Creating excitement — or “buzz” in marketing lingo — about products or services is a matter of survival in a competitive market — especially when most consumers are spending only on essentials until the economy shows signs of recovery and stability.
Buzz describes the positive word-of-mouth marketing or hype among consumers that often precedes the release of a much-anticipated product. Real-time, portable communications technology facilitates the building of buzz by allowing rapid exchanges of information among large numbers of people.
Even though buzz can spread like a contagion, it needs a point of origin and a carefully crafted plan for dissemination. Creating buzz requires time, energy and innovation.

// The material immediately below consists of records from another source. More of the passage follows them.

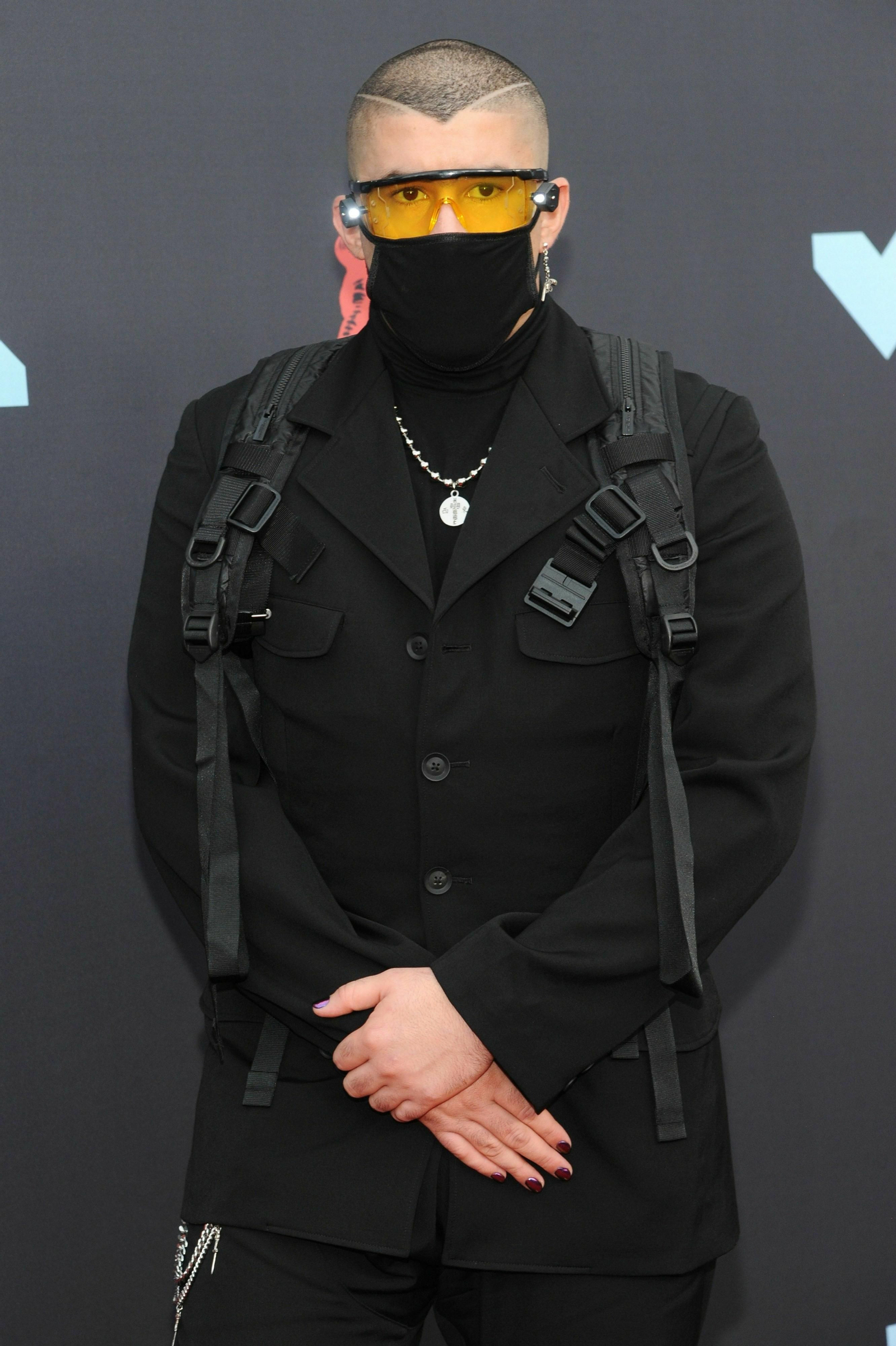 El trapero Bad Bunny, con incompensible atuendo en la alfombra roja.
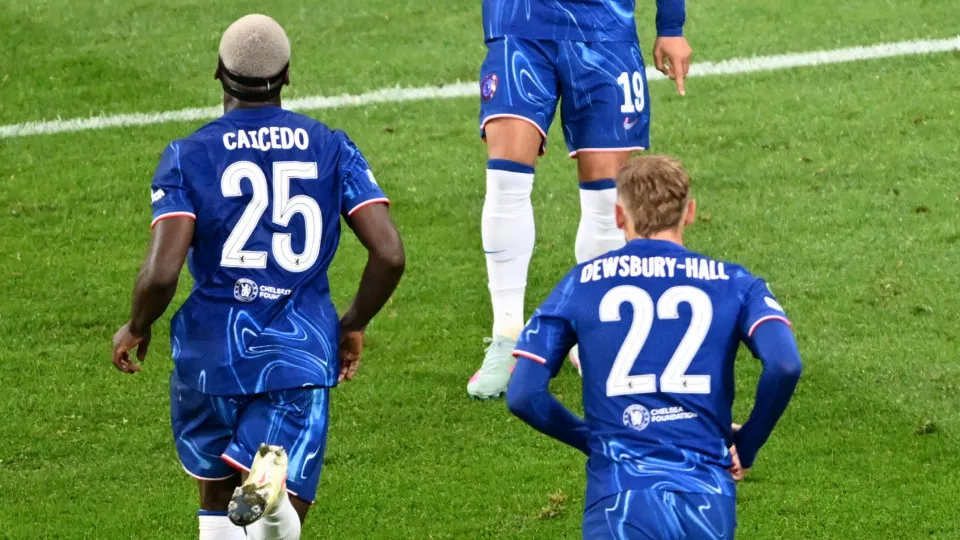 WROCLAW, POLAND - MAY 28: Moises Caicedo of Chelsea celebrates scoring his team's fourth goal with teammates Jadon Sancho and Kiernan Dewsbury-Hall during the UEFA Conference League Final 2025 between Real Betis Balompie and Chelsea FC at Stadion Wroclaw 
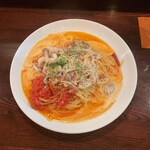 スパゲッテェリア・ピアノピアノ - パスタ 生ソーセージときのこクリーム
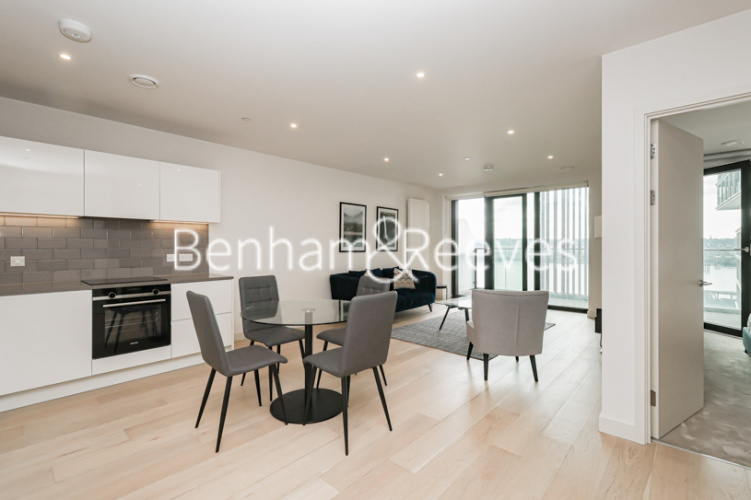 2 bedrooms flat to rent in Bonnet Street, Royal Wharf Riverscape, E16-image 3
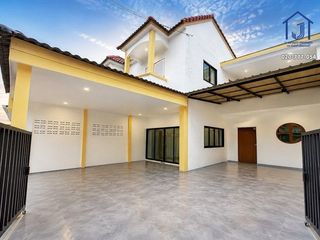 For sale 3 bedrooms townhouse in Don Mueang, Bangkok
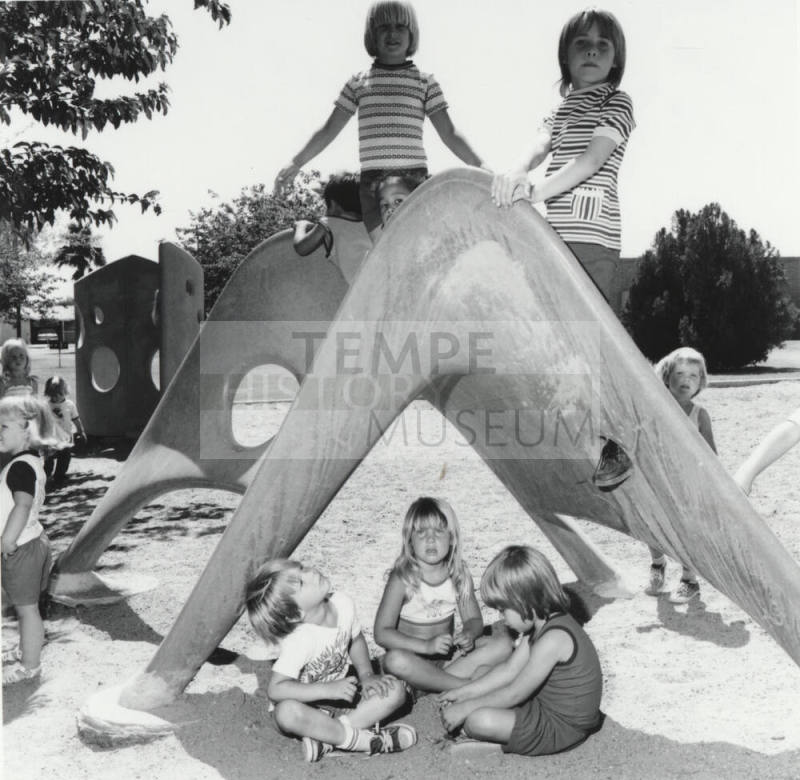 Signs Of Summer - Tempe Daily News - June 16, 1977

Buying or using a service is part of a social process. Entrepreneurs who understand that customers belong to networks or market niches can efficiently use these links to spread the word about their products or services.
Creating buzz turns a message into action and action into profit — but only as long as the business lives up to its hype. There has to be a benefit and value to the customer in order for the buzz to keep building and stay positive.

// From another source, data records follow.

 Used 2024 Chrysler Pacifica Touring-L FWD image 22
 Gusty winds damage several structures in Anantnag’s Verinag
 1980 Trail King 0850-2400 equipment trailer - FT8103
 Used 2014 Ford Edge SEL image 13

Even businesses that have been around for years can lose customers to competitors who offer something new or treat customers better. The most successful businesses invest time thinking of distinctive ways to keep customers and attract new ones. Knowing customers’ needs and fulfilling them are the best ways a business can get customers to start discussing a business or product.
Sales trainers say the first seven seconds are critical in any 60-second pitch of a product or service; the theory is that after seven seconds, an audience’s attention wanders if it hasn’t been captured. Planning is required to come up with the right words for a simple statement that connects with the business’s mission and motivates people to buy — and talk about — the product. One idea at a time is the most a target market will remember.
Brainstorming sessions are a way to encourage creativity and can generate a surprising number of ideas. Imagining a new product or service is a challenge, but it makes a business stand out among its peers.
All employees should be trained for a business’s marketing campaign so they can help promote the business or product during their working hours — and even at social gatherings and business meetings. Buzz isn’t built unless everyone feels excited about the product or service being offered.
To evaluate the success of a buzz campaign, a business can use one of the many metric tools and services on the market that help measure how far and wide a message has spread.